Academy

François Bœspflug

Bibliography

  • La Crucifixion dans l’art (2019)
  • Jésus a-t-il eu une vraie enfance ? – Gesù fu veramente bambino? (2015 – 2020)
  • Dieu et ses images – Le immagini di Dio (20173 – 2012)
  • Le regard du Christ dans l’art (2015)
  • Religions et caricatures – La caricatura e il sacro (20162 – 2006)
  • Les monothéismes en images (2014)

With Emanuela Fogliadini

  • Ressuscité – La Resurrezione di Cristo (2016 – 2019)
  • La Fuga in Egitto nell’arte (2017)
  • Dieu entre Orient et Occident – I volti del mistero (2017 – 2018)
  • La Natività di Cristo nell’arte (2016)

François Bœspflug

 

Convictions, doctrines, and religious experiences are expressed and transmitted through words and discourse, but also thanks to visible forms, in “paintings.” But the result is not guaranteed a priori: it is uncertain whether words will be adequate and explicative or if the forms will be beautiful and beneficial. Prolonged engagement with texts—particularly of a philosophical or theological nature—as well as the tenacious contemplation of works of visual art—particularly religious—have awakened in me the need and enthusiasm, and quickly indeed also the practice and pleasure, to examine them in a methodic and critical way, always remaining cautious and respectful.

 

This enthusiasm for evaluating works of art after having studied them in depth was encouraged, to the point of becoming long-lasting tropism, by a dual doctoral dissertation in theology and history, for which I examined the first papal text that dealt with the possibility of artists representing God in art, the text of a pope of the Enlightenment, Benedict XIV, published in 1745. Since that moment, I’ve developed a passion for the representation of God and the divine, not just in western Christianity but also in the Christianities of the East in addition to the art of the Abrahamic faiths.

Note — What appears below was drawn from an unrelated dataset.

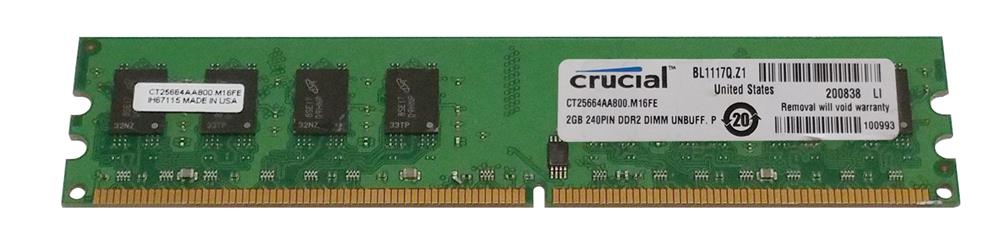 CT25664AA800.M16FE Crucial 2GB PC2-6400 DDR2-800MHz non-ECC Unbuffered CL6 240-Pin DIMM Dual Rank Memory Module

Furthermore, having long been a professor of Comparative History of Religions, my interest in this subject matter has also extended to the religions of Antiquity and Asia.

 

I’ve gradually hewn my approach to works of religious art to be free from value judgments, which are based exclusively or primarily on an aesthetic approach, on the works’ presumed traditionally pious, orthodox, and edifying qualities, trying instead to promote and learn to evaluate as much as possible other qualities of the pieces of art. Such as the singularity and originality of their respective iconographies, or conversely their conventional treatment, the enriching value they have for the life of the spirit or indeed their absence of an innovative contribution, their accordance—sometimes daringly innovative—with the tradition to which they belong, their quality of presence and their capacity to surprise or even to produce an encounter, precisely as occurs for the art of an icon.